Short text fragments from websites

--

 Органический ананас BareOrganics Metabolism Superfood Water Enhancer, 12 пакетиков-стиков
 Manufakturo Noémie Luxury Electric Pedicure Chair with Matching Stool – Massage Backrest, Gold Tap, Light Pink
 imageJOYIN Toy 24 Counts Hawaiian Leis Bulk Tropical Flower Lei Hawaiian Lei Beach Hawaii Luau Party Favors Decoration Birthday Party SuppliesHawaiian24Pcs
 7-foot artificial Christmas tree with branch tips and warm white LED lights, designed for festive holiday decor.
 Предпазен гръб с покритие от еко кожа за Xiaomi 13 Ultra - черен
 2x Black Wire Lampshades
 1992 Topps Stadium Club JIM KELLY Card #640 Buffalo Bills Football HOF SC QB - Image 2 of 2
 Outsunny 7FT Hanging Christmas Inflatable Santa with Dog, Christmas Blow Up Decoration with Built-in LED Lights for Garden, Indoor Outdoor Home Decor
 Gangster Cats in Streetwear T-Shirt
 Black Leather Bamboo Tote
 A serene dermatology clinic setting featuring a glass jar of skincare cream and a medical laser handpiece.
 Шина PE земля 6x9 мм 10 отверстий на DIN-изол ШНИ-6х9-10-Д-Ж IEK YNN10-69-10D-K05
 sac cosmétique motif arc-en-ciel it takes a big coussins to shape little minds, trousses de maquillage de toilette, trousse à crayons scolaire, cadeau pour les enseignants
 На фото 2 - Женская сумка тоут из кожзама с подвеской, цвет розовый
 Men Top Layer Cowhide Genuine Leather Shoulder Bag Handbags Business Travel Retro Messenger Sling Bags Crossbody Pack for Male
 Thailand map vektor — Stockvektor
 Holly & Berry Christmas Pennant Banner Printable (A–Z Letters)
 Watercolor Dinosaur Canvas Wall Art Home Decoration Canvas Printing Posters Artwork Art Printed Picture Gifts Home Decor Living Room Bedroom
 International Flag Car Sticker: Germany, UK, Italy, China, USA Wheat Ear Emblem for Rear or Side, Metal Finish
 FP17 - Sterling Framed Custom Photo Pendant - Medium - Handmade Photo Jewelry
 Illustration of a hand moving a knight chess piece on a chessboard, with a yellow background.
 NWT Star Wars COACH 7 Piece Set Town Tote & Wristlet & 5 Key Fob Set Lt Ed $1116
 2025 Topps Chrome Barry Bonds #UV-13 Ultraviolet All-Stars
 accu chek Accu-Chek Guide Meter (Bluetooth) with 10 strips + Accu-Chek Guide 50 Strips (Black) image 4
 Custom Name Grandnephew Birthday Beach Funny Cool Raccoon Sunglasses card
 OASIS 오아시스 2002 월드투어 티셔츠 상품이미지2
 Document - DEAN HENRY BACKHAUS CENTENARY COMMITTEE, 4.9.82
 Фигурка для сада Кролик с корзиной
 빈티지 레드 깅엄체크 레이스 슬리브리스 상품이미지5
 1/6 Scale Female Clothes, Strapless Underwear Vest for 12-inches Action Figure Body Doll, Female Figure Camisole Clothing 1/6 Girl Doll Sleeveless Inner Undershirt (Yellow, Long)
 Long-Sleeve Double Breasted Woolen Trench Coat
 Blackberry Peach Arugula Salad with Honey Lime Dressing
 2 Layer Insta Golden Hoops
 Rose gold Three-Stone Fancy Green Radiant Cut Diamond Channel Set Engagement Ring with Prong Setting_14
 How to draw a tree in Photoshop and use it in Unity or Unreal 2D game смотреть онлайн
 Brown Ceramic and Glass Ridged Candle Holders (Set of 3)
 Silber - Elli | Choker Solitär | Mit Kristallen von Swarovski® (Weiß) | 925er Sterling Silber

--

Scan the data above for the word "Long". Copy every line in which it is found.

• _Solution for this problem_:
 1/6 Scale Female Clothes, Strapless Underwear Vest for 12-inches Action Figure Body Doll, Female Figure Camisole Clothing 1/6 Girl Doll Sleeveless Inner Undershirt (Yellow, Long)
 Long-Sleeve Double Breasted Woolen Trench Coat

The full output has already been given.